From my earliest days as a serious reader, I have thought of character conflict--conflict among characters and within individual characters--as central to literary art. Hamlet, for English-speakers, certainly, and only somewhat less for others in the West, is the supreme example of a conflicted character. Though variety has long been recognized in the Bible’s presentations of God’s character, this variety has been attributed not to the character himself but to the various authors of the various biblical books. They were all different; he was always the same. This is a historical rather than a literary rationalization of the variety. A literary rationalization is to interiorize that variety as character conflict. When I decided to do this, granting that it was something strange and new, I found it useful to begin by discussing a more familiar case of the same phenomenon; namely, the famous case of Hamlet.

Question:

Does it add anything to theological studies?

Answer:

It may add nothing at all, or it may add a great deal. Everything depends on the decisions of the theologians. If a theologian believes that every word in the Bible is true and that every word must also be taken as binding, as a guide to life, then he will have difficulty when I point out, for example, that God says that when a child is disrespectful to its parent, the child shall be put to death. If a theologian says, at the very opposite extreme, that the Bible is an out-of-date document and that we must base our current beliefs on current thinking, then he will have no difficulty with my book and probably also little interest in it.

Between those extremes, there are middle positions analogous to the appreciation that a man may have of his own genealogy. If my grandfather was a wife-beater, my father may also have been violent, and I may want to watch my own behavior carefully. If my grandfather was a millionaire, that will also have affected my father and me. The past always live on into the present. Just how fully it does or how normative it is is something that is partly, though never entirely, up to us.

Question:

What about the reaction of the church?

Answer:

The warmest reaction to “God: A Biography” has come from Jews because this is a book that recognizes an intellectual and, perhaps more important, an aesthetic, even artistic, unity and adequacy in the Jewish sacred scripture without the addition of the Christian New Testament. I say that we in the West have our scripture in two editions: a Jewish edition and a Christian edition, which revises the order of the Jewish edition and adds a new conclusion. Each edition is satisfying on its own terms. This is an affirmation not often made by Christians.

The reception by liberal Catholics has also been quite warm. The book was a selection of the Catholic Book Club, a liberal book club run by Jesuits in New York.

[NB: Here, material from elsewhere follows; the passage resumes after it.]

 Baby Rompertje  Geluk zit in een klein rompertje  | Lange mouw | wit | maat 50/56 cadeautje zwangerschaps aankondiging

Among Protestants, reaction has been a good deal more mixed. Slowly, but with gathering strength, the reaction of my own church, the Episcopal (or.Anglican) church, has become quite positive. This summer, I shall address a major gathering of Episcopal leaders in Philadelphia. Other Protestants have had little to say. Evangelical or fundamentalist Protestants have had least to say, and that little has sometimes been negative.

Question:

What about your personal belief in God? What do you think God is like?

Answer:

I believe that ultimate reality escapes our intelligence. Professing this ignorance is more basic for me than professing any special knowledge that could be called faith. The central virtue for me is the virtue of hope. I hope that this ultimate reality affirms and supports my own efforts toward truth, goodness, and beauty, or perhaps better that those efforts of mine coincide somehow with that reality. I think of it as a personal enough reality that I can address it, ask it for help, abide with it. I do not think of it as identical with the God about whom I write in my book or whom I find in the Bible, but I respect the Bible as its authors’ struggle toward the same linkage of awe toward ultimate reality and consolidation of moral effort that I find myself struggling toward.

Question:

Does your God suffer an aging process?

Answer:

Something like aging seems to me to come about in the Hebrew Bible. If by “my” God, you mean the character I write about in “God: A Biography,” then the answer is: yes. If by “my” God, you mean the God that I worship, then the answer is: “I don’t know.” I am not committed in any a priori way to the thesis that ultimate reality is unchanging. An American singer I admire, Jackson Browne, recorded a song recently entitled “The Angels Are Older” that I found quite touching. I wonder at times, without believing that an answer is within reach, about the connection between entropy and divinity.

Question:

Do you think God has lost importance in the end of the millennium? In other words, what place does faith take in the modern world?

Answer:

Let me reverse or broaden your question. What do you think does have importance at the end of the millennium? Would it be science? Commerce? Art? Politics? To what do you turn as you make the decisions that shape your own life and those of others you may care about? Do you find some one of those sources of wisdom or information adequate? Do you find some combination of them all adequate?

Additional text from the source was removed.